The crew member fell 4.5 metres (15 feet). The fall was not witnessed but it was evident that he had fallen at or about the same time as one of the trestles.
The crew member was treated at the scene before being taken to hospital, but died three days later.
Why did it happen?
The crew member crossed a safety barrier protecting an open hatch.
Risk was seen as tolerable – the risk of falling was accepted.
Work practices indicated that adherence to the vessel’s safety procedures was based on routine, rather than of understanding and conviction.
What did they learn?
Remind ship masters of dangers of bypassing safety control measures and prompt review of safety deck openings.

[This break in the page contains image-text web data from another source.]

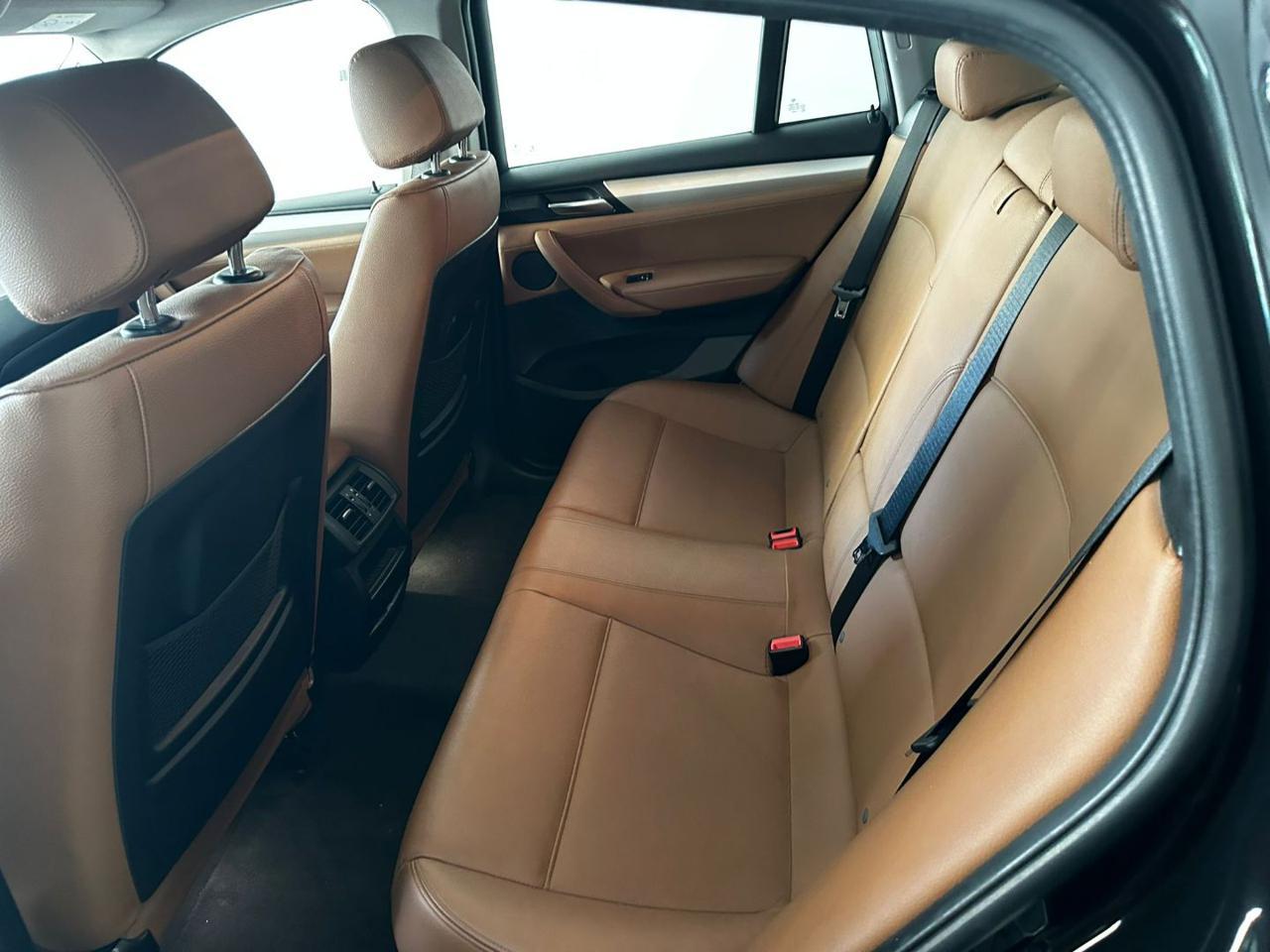 BMW X4 x drive 20d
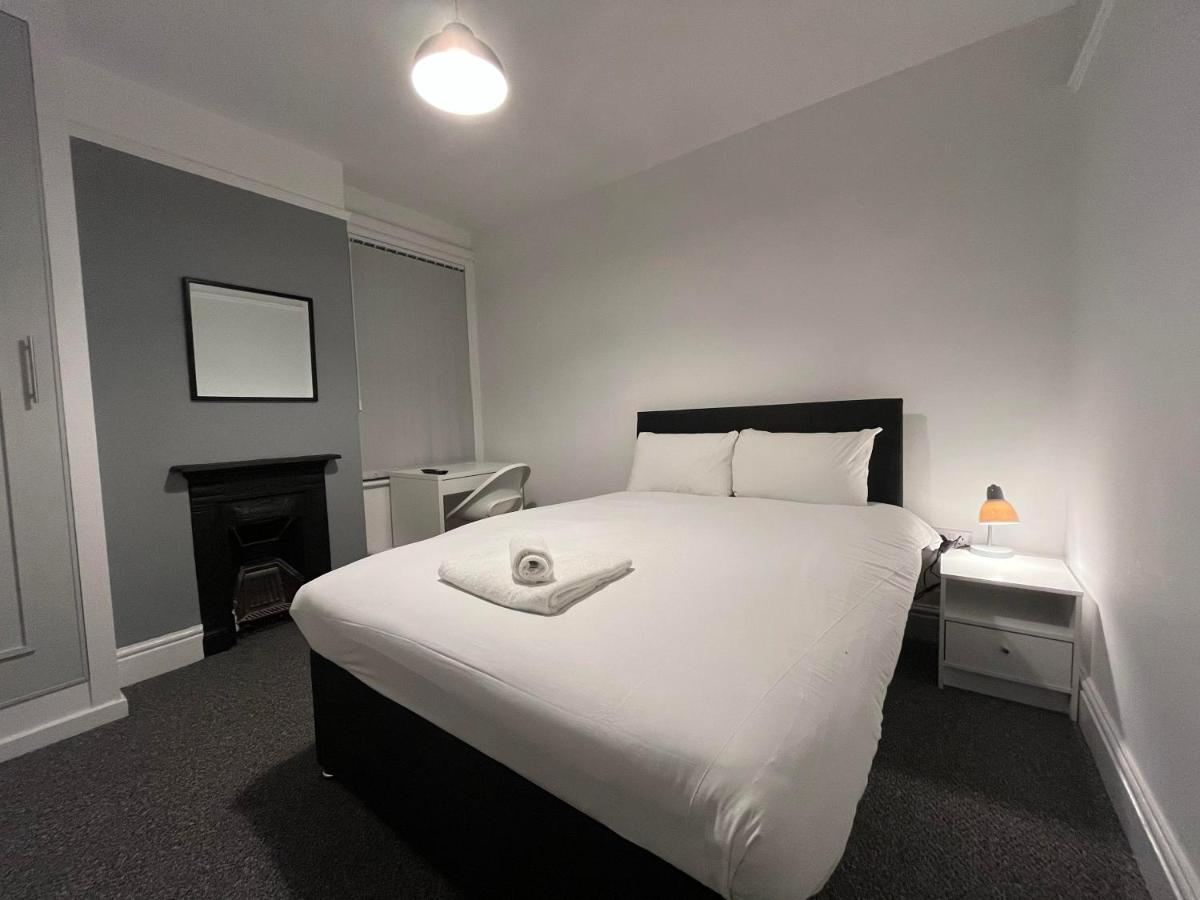 Rowden Street 7 Bed Contractor House in Shotton by Rework Accommodation - Housity
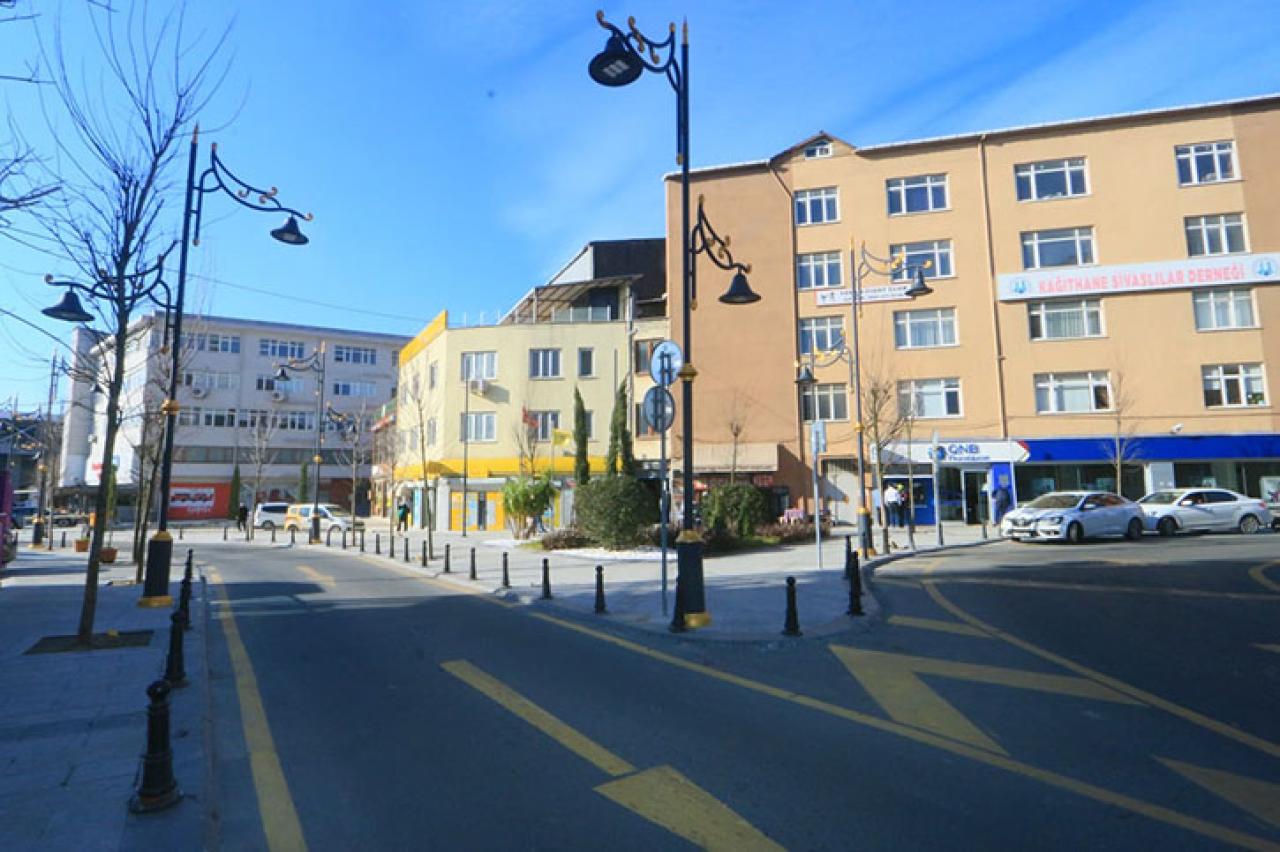 KAĞITHANE MEYDANI'NDA 3. ETAP ÇALIŞMALARI DA TAMAMLANDI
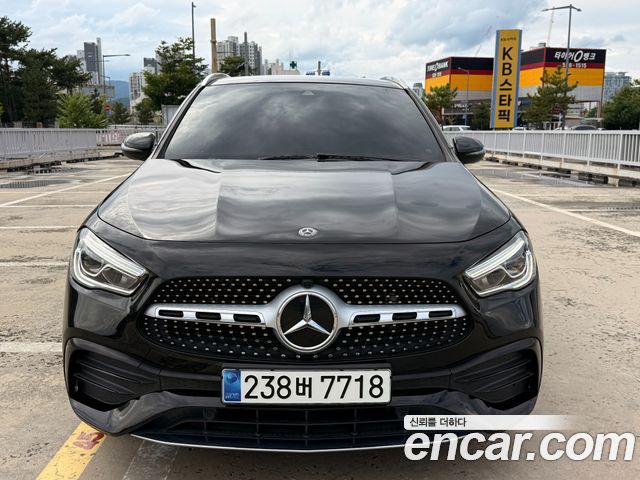 Mercedes-Benz GLA-Class GLA250 4MATIC — пробег 49 488 км — фото 3 из 5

Provide safety chains, fittings and warning signs for use on the temporary barriers rigged on the main vehicle decks of ferries.
Review risk assessments, permit to work (PTW) concerning working at height and introduce a procedure for recording the use of safety harnesses.
Engage masters, safety officers and senior management with surveys and send them on safety courses.
Engage HSE consultants with the aim of forming a safety culture steering group and implementing a ‘safety climate tool’.
Ask yourself or your crew
Why do you think the crew member bypassed the safety control in this situation?
Would you need to bypass safety controls in your workplace? How can we change the task to avoid this?
What working at height controls do we have in place? How can they be improved?
How effective is your safety culture where you work?
Would you say we have a ‘low’ safety culture or a ‘high’ one? Why?
A crew member died as a result of 4.5 metres fall through a vehicle ramp hatch.